## SUPPLIED INFORMATION
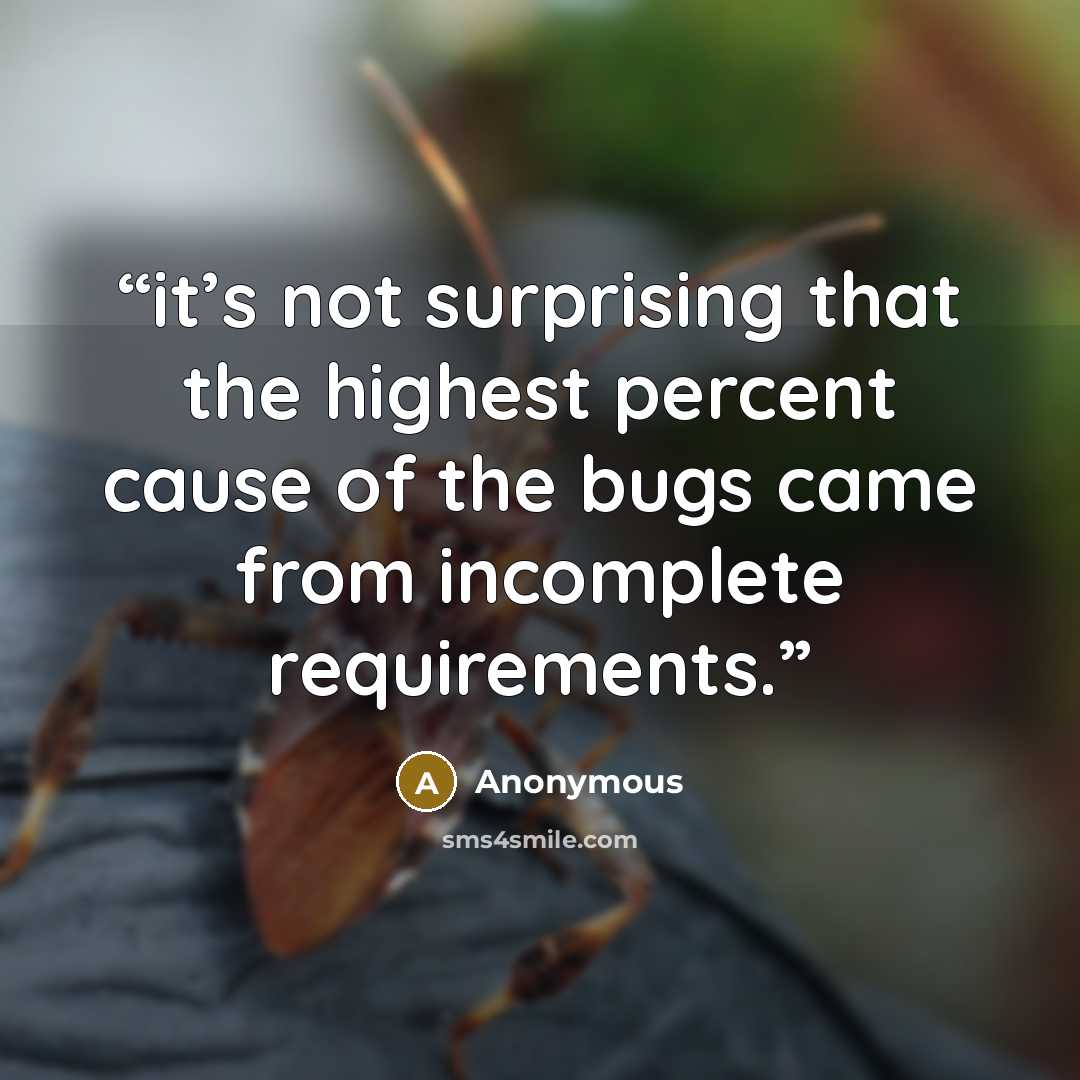 “it’s not surprising that the highest percent cause of the bugs came from incomplete requirements.” quote by Anonymous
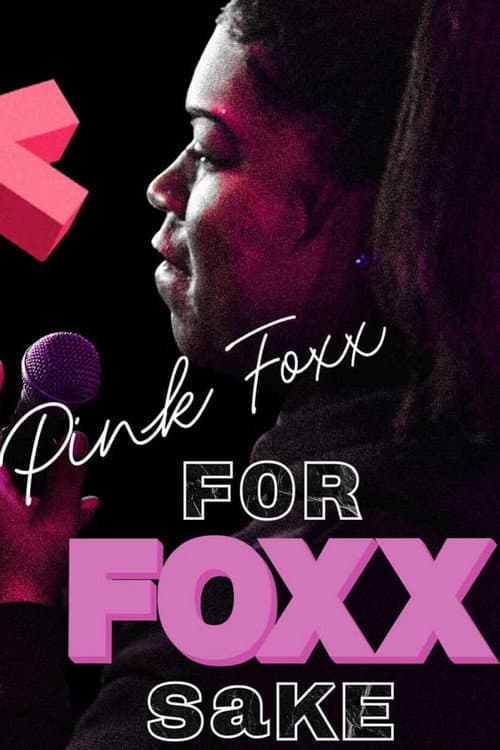 Poster for Pink Foxx: For Foxx Sake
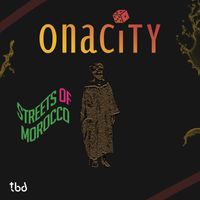 Onacity - Streets Of Morocco (Extended Mix)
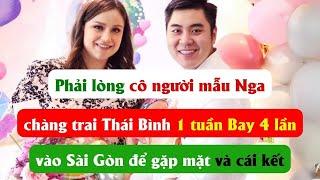 Phải lòng cô người mẫu Nga,chàng trai Thái Bình 1 tuần bay 4 lần vào Sài Gòn để gặp mặt và cái kết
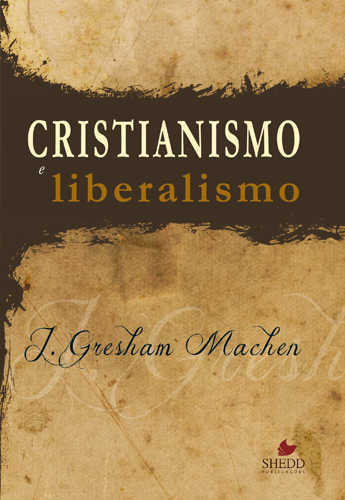 Cristianismo E Liberalismo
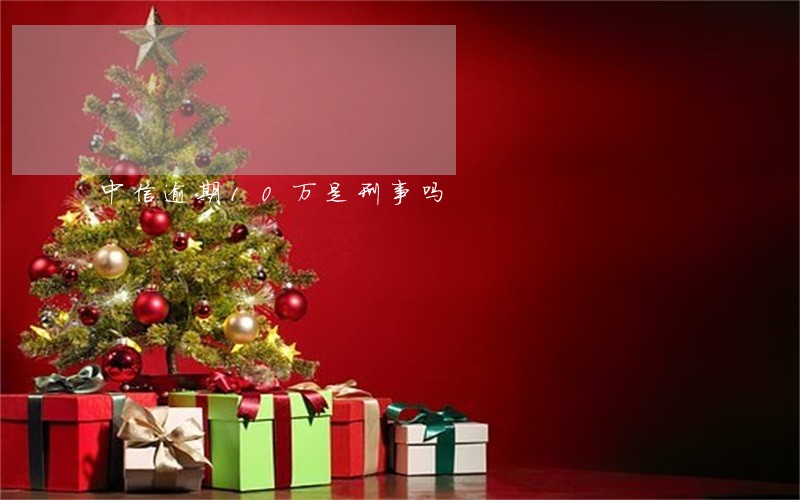 中信逾期10万是刑事吗 中信逾期10万是刑事吗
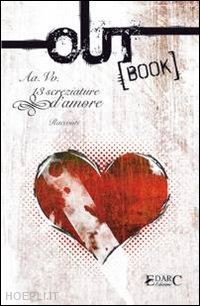 rizzi a.(curatore) - outbook. 13 screziature d'amore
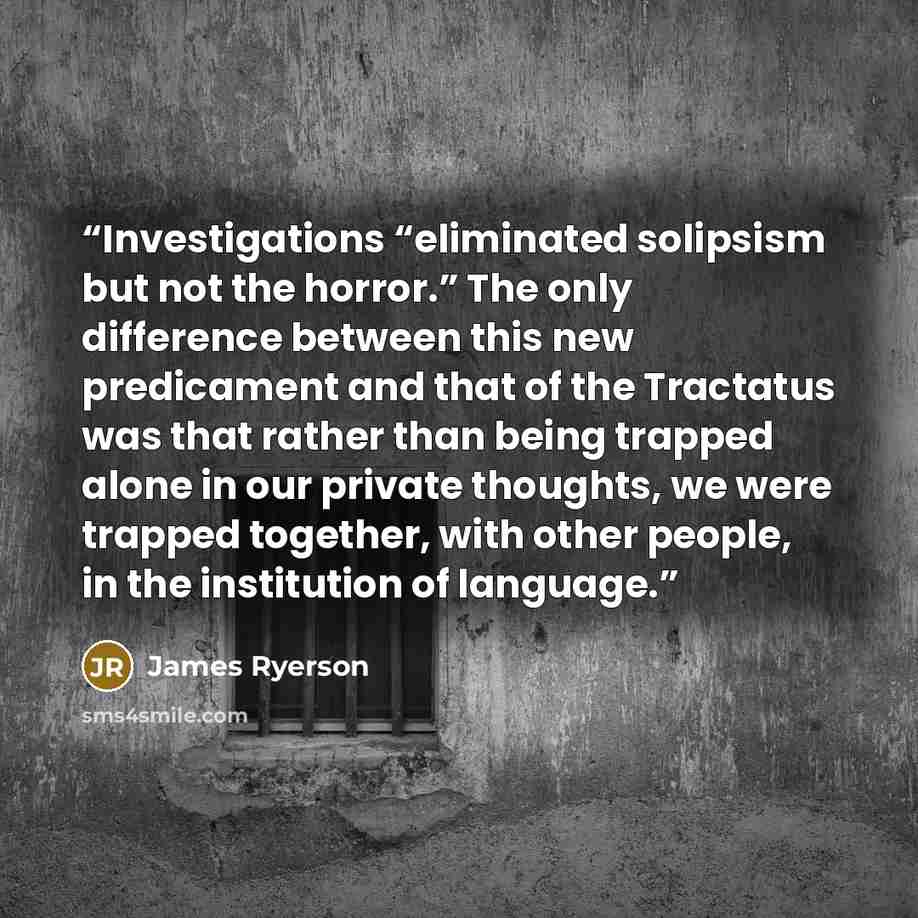 “Investigations “eliminated solipsism but not the horror.” The only difference between this new predicament and that of the Tractatus was that rather than being trapped alone in our private thoughts, we were trapped together, with other people, in the institution of language.” quote by James Ryerson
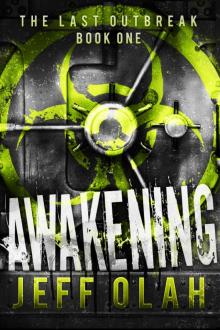 The Last Outbreak (Book 1): Awakening Read online
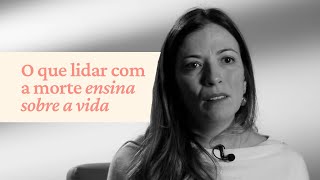 O que lidar com a Morte ensina sobre a Vida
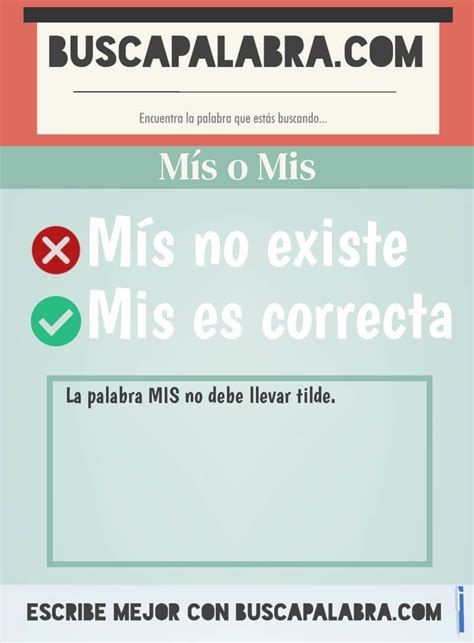 mís|Cómo se escribe mís o mis .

## EXERCISE PROMPT
Excluding the pictures, transcribe each entry above word for word.

## EXERCISE ANSWER
 “it’s not surprising that the highest percent cause of the bugs came from incomplete requirements.” quote by Anonymous
 Poster for Pink Foxx: For Foxx Sake
 Onacity - Streets Of Morocco (Extended Mix)
 Phải lòng cô người mẫu Nga,chàng trai Thái Bình 1 tuần bay 4 lần vào Sài Gòn để gặp mặt và cái kết
 Cristianismo E Liberalismo
 中信逾期10万是刑事吗 中信逾期10万是刑事吗
 rizzi a.(curatore) - outbook. 13 screziature d'amore
 “Investigations “eliminated solipsism but not the horror.” The only difference between this new predicament and that of the Tractatus was that rather than being trapped alone in our private thoughts, we were trapped together, with other people, in the institution of language.” quote by James Ryerson
 The Last Outbreak (Book 1): Awakening Read online
 O que lidar com a Morte ensina sobre a Vida
 mís|Cómo se escribe mís o mis .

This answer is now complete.